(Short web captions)
● ● ● ● ●
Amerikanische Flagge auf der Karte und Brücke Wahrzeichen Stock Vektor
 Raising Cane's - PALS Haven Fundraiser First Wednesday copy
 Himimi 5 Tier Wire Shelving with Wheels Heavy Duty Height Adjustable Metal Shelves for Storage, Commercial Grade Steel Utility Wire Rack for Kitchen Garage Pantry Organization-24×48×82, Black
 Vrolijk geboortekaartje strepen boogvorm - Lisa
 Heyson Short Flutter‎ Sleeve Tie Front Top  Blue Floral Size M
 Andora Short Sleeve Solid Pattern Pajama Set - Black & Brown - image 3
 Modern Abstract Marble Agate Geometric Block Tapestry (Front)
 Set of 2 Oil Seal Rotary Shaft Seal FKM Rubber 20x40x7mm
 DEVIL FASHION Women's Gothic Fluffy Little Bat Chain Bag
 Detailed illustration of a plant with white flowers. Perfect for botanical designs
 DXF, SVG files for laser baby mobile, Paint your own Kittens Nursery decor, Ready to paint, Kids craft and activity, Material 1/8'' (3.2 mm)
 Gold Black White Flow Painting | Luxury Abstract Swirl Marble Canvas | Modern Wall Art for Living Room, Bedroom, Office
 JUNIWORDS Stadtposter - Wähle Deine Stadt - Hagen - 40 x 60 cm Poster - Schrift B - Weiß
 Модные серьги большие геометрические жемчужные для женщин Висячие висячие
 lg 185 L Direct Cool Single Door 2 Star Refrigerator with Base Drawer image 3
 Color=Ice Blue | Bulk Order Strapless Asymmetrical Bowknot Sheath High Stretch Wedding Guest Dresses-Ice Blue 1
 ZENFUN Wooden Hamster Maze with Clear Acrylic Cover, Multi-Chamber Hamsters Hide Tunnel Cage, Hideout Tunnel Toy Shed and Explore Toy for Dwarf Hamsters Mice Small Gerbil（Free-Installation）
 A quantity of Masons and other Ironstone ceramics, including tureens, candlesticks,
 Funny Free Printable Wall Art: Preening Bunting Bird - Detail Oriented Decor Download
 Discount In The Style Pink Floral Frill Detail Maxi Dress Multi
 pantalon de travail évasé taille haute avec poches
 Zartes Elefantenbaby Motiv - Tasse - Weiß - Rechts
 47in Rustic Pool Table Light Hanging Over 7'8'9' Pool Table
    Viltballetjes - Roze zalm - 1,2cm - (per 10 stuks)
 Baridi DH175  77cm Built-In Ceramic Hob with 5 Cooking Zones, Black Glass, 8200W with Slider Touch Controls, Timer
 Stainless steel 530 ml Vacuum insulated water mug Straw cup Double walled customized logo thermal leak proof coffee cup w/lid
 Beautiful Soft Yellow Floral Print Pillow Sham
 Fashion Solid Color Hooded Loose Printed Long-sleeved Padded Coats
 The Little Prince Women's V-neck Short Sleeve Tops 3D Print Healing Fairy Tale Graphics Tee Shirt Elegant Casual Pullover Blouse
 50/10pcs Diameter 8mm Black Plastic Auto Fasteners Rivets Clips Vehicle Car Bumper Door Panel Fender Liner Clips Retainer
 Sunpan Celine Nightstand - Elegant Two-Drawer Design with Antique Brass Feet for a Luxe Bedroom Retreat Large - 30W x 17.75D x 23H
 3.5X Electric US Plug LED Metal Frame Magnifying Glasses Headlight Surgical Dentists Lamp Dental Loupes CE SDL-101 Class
● ● ● ● ●
## YOUR GOAL
Copy each of the records above so that nothing differs from the original.

## ANSWER TO THIS PROBLEM
Amerikanische Flagge auf der Karte und Brücke Wahrzeichen Stock Vektor
 Raising Cane's - PALS Haven Fundraiser First Wednesday copy
 Himimi 5 Tier Wire Shelving with Wheels Heavy Duty Height Adjustable Metal Shelves for Storage, Commercial Grade Steel Utility Wire Rack for Kitchen Garage Pantry Organization-24×48×82, Black
 Vrolijk geboortekaartje strepen boogvorm - Lisa
 Heyson Short Flutter‎ Sleeve Tie Front Top  Blue Floral Size M
 Andora Short Sleeve Solid Pattern Pajama Set - Black & Brown - image 3
 Modern Abstract Marble Agate Geometric Block Tapestry (Front)
 Set of 2 Oil Seal Rotary Shaft Seal FKM Rubber 20x40x7mm
 DEVIL FASHION Women's Gothic Fluffy Little Bat Chain Bag
 Detailed illustration of a plant with white flowers. Perfect for botanical designs
 DXF, SVG files for laser baby mobile, Paint your own Kittens Nursery decor, Ready to paint, Kids craft and activity, Material 1/8'' (3.2 mm)
 Gold Black White Flow Painting | Luxury Abstract Swirl Marble Canvas | Modern Wall Art for Living Room, Bedroom, Office
 JUNIWORDS Stadtposter - Wähle Deine Stadt - Hagen - 40 x 60 cm Poster - Schrift B - Weiß
 Модные серьги большие геометрические жемчужные для женщин Висячие висячие
 lg 185 L Direct Cool Single Door 2 Star Refrigerator with Base Drawer image 3
 Color=Ice Blue | Bulk Order Strapless Asymmetrical Bowknot Sheath High Stretch Wedding Guest Dresses-Ice Blue 1
 ZENFUN Wooden Hamster Maze with Clear Acrylic Cover, Multi-Chamber Hamsters Hide Tunnel Cage, Hideout Tunnel Toy Shed and Explore Toy for Dwarf Hamsters Mice Small Gerbil（Free-Installation）
 A quantity of Masons and other Ironstone ceramics, including tureens, candlesticks,
 Funny Free Printable Wall Art: Preening Bunting Bird - Detail Oriented Decor Download
 Discount In The Style Pink Floral Frill Detail Maxi Dress Multi
 pantalon de travail évasé taille haute avec poches
 Zartes Elefantenbaby Motiv - Tasse - Weiß - Rechts
 47in Rustic Pool Table Light Hanging Over 7'8'9' Pool Table
    Viltballetjes - Roze zalm - 1,2cm - (per 10 stuks)
 Baridi DH175  77cm Built-In Ceramic Hob with 5 Cooking Zones, Black Glass, 8200W with Slider Touch Controls, Timer
 Stainless steel 530 ml Vacuum insulated water mug Straw cup Double walled customized logo thermal leak proof coffee cup w/lid
 Beautiful Soft Yellow Floral Print Pillow Sham
 Fashion Solid Color Hooded Loose Printed Long-sleeved Padded Coats
 The Little Prince Women's V-neck Short Sleeve Tops 3D Print Healing Fairy Tale Graphics Tee Shirt Elegant Casual Pullover Blouse
 50/10pcs Diameter 8mm Black Plastic Auto Fasteners Rivets Clips Vehicle Car Bumper Door Panel Fender Liner Clips Retainer
 Sunpan Celine Nightstand - Elegant Two-Drawer Design with Antique Brass Feet for a Luxe Bedroom Retreat Large - 30W x 17.75D x 23H
 3.5X Electric US Plug LED Metal Frame Magnifying Glasses Headlight Surgical Dentists Lamp Dental Loupes CE SDL-101 Class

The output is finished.